By: Marthinus Conradie
An opinion from The University of Freestate
Anti-racist protests are flourishing across the United States, as protestors oppose the systemic racism that drives police brutality against African Americans. South Africans can relate to these calls for lasting and meaningful steps towards justice. This moment of solidarity offers an opportunity to question what the future of transnational collaborations for equity might hold.
In 2018, Professor Krystal Strong (University of Pennsylvania) applauded South African activists for supporting BlackLivesMatter. However, American activists have been a little slower to reciprocate. Professor Strong (2018) explains that South Africans actually have good reason to expect solidarity from the US. For one thing, BlackLivesMatter and movements like FeesMustFall share core characteristics. Both movements were instigated by the youth. Both movements have mobilised social media and could easily have communicated with each other. Both movements aim to advance intersectional social justice. Many university and college students in America also face crippling tuition debts and can therefore relate to FeesMustFall, to a degree. Put differently, South Africans can understand the urgency of unmaking systemic racism. But can US activists relate to our challenges? Strong’s (2018) answer is – yes, they can. They might need a little help with understanding the details of our context, which can be done via social media, but – yes, they can. However, let me clarify something: I am not hurling accusations against US activists or calling on South Africans to disengage from BlackLivesMatters. Instead, what I am suggesting is that we already possess a tool for communicating shared concerns, and for enhancing transnational co-operation: social media. We just need to reflect on how to use it.

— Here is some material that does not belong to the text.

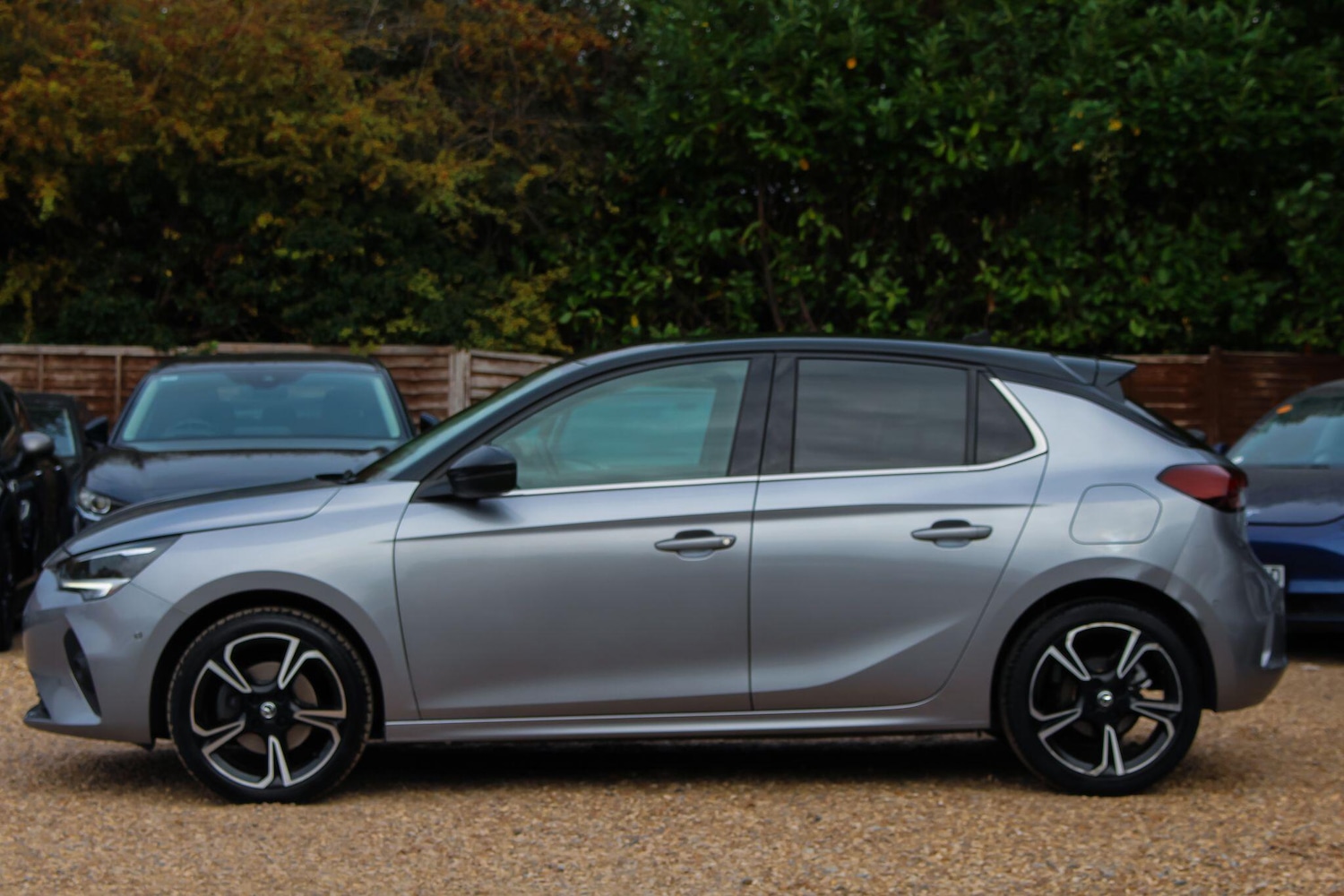 Used Vauxhall Corsa 2020 for sale - 76295120: Photo 17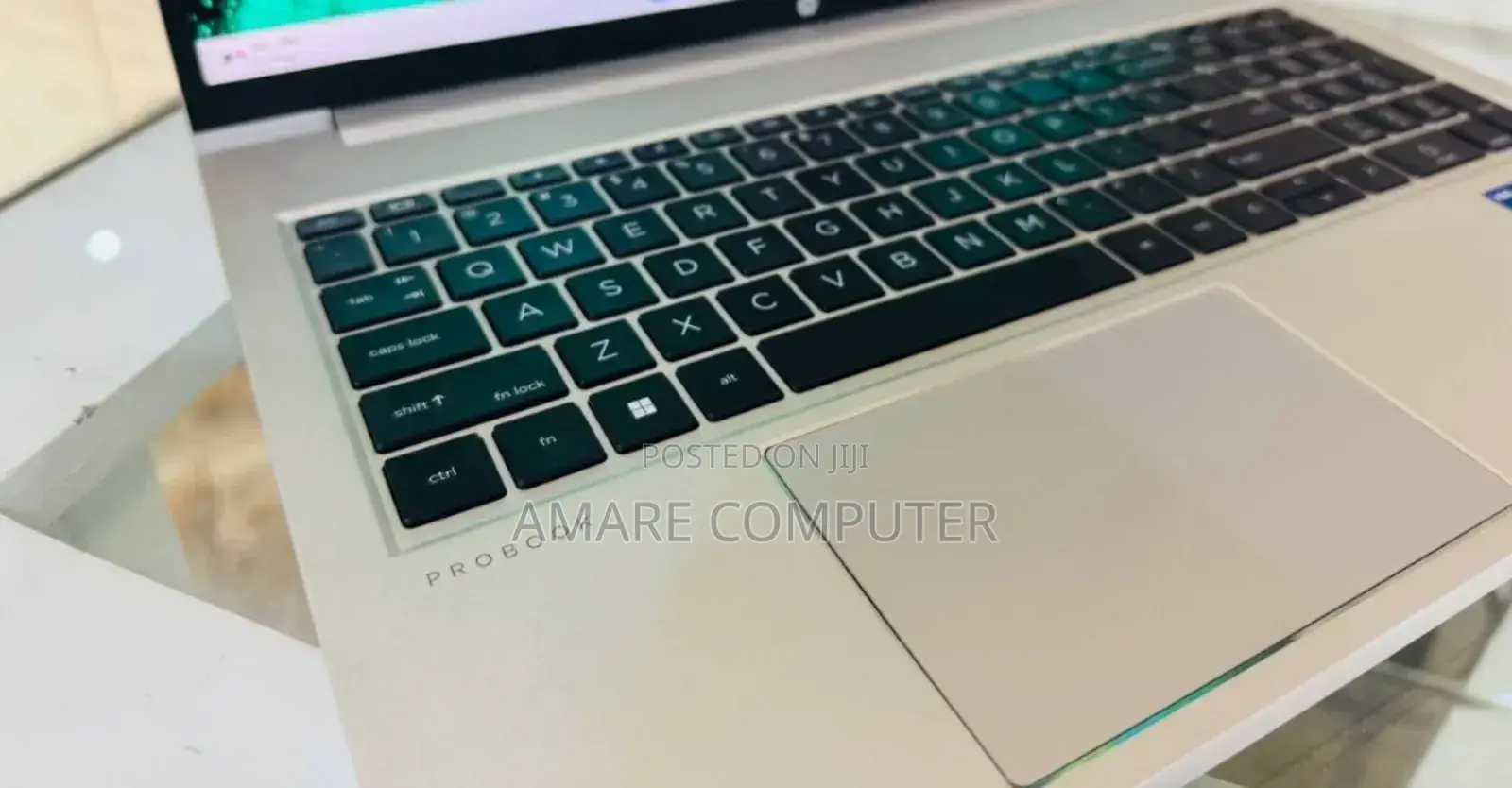 New Laptop HP Probook 450 16GB Intel Core I7 SSD 1T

Right now, many websites are devoted to sharing news about social justice issues. Great! More importantly, many of these websites offer spaces for readers to comment and communicate with fellow readers. Great! However, perhaps we are not actually using the comment sections as rigorously as we can by, for example, commenting on US stories and inviting them to comment on our news. Okay, to be fair, talking to fellow South Africans can be difficult enough. We might not feel up to talking with people from other countries. I suggest that it might still be worth trying. The more connected we become, the greater the chances of effecting meaningful change. Political differences within South Africa are daunting. But we are not the only nation with so many internal differences. We are not the only nation faced with systemic injustice. Sharing ideas with people from completely different countries will be difficult, but our projects towards social justice might benefit if we can draw from insights and perspectives generated by as many minds as possible.
Strong, K. 2018. Do African Lives Matter to Black Lives Matter? Youth Uprisings and the Borders of Solidarity. Urban Education. 53(2): 265-285.